5 questions à un labellisé
Un fonds d’archives numérisé tel que le fichier des morts pour la France 14-18 sur Mémoire des hommes est tellement gigantesque qu’il est pratiquement inutilisable sans indexation. C’est pour cela que nous soutenons le défi « 1 Jour – 1 Poilu ». D’ailleurs, son promoteur, Jean-Michel Gilot, a choisi En Envor pour vous faire part d’une grande nouvelle qui nous fait très plaisir !
Pouvez-vous nous rappeler la genèse et les objectifs du projet « 1 Jour – 1 Poilu » ?
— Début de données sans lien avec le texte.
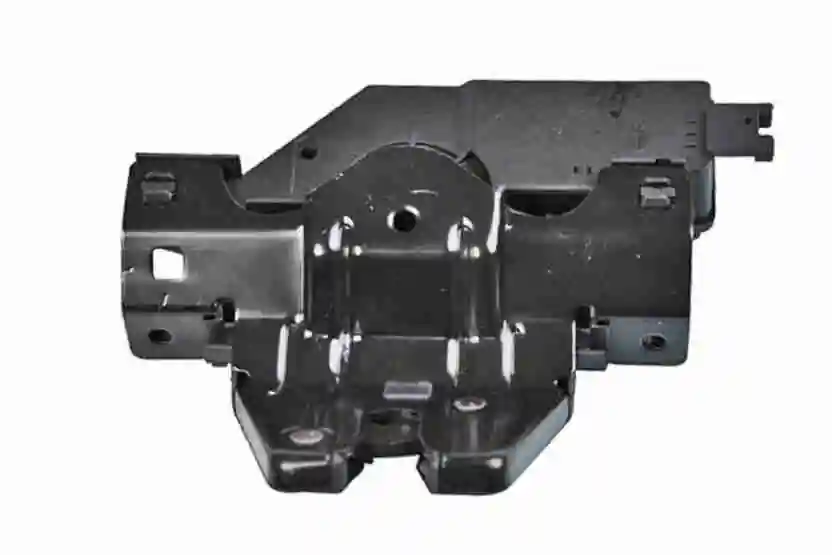 Serrure de hayon VEMO V20-85-0034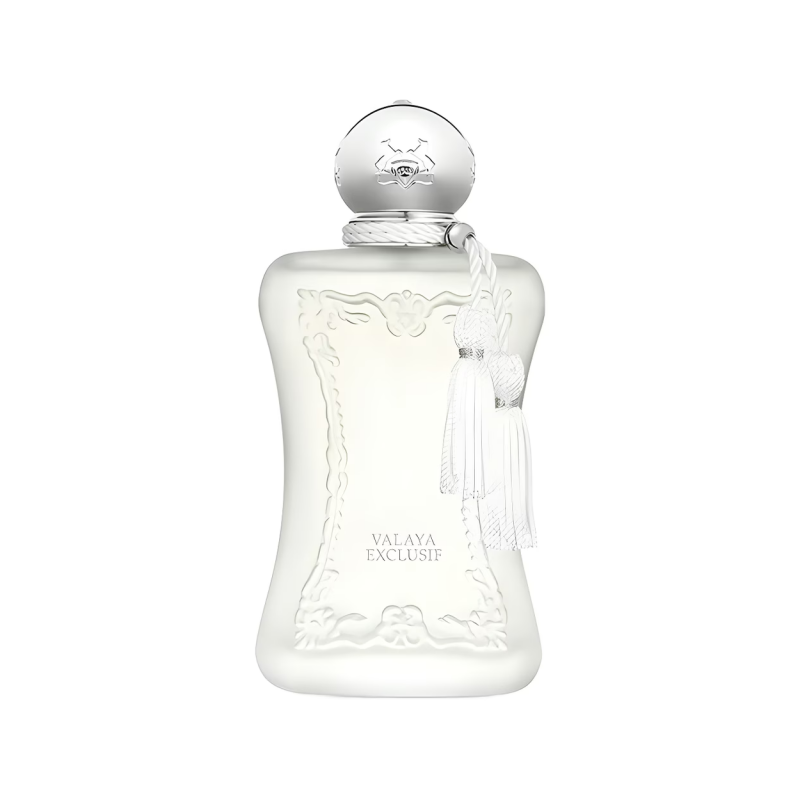 Valaya Exclusif  Eau De Parfum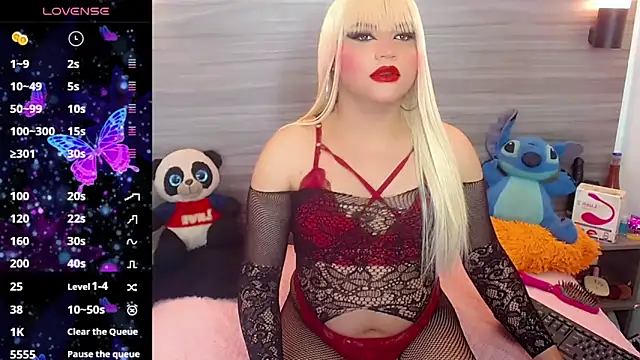 natashaislerxxx online show from 09-16-25, 06:14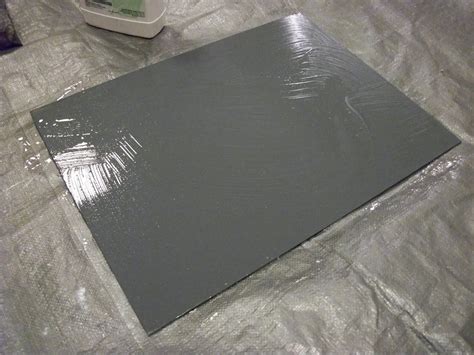 How To Fix Mirror Edges | CitizenSide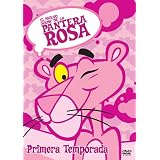 Detalles del producto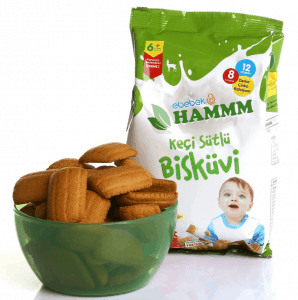 hammm-keci-sutlu-bebek-biskuvisi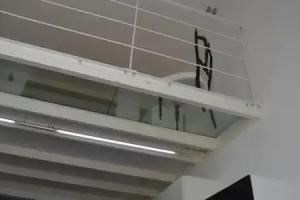 A Notti cco Juornu Apartments, Pozzallo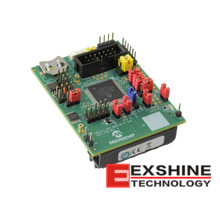 EVB-MEC1418MECC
Le projet « 1 Jour – 1 Poilu » est né en novembre 2013, dans la foulée de l’ouverture au public du programme de transcription des fiches des soldats morts pour la France au titre de la Grande Guerre sur le site Mémoire des Hommes. Il visait à fédérer une communauté de participants autour de cette œuvre collective qui doit nous permettre, à terme, de mieux connaître les victimes du conflit et les circonstances de leur décès.
Tout est parti d’un principe simple : si nous étions 880 (seulement…) à travers le monde à transcrire la fiche d’un poilu mort pour la France chaque jour, la base du Ministère de la Défense – regroupant, rappelons-le, pas moins de 1 million 325 290 fiches –, pourrait être intégralement complétée pour le 11 novembre 2018 !
« 1 Jour – 1 Poilu » transcrit donc chaque jour la fiche d’un Poilu et invite le plus grand nombre d’internautes à faire de même jusqu’au 11 novembre 2018. Tout le monde peut participer à ce « défi collaboratif », en s’inscrivant au programme d’annotation et en utilisant le sigle de reconnaissance « #1J1P » sur les réseaux sociaux pour signaler les transcriptions réalisées.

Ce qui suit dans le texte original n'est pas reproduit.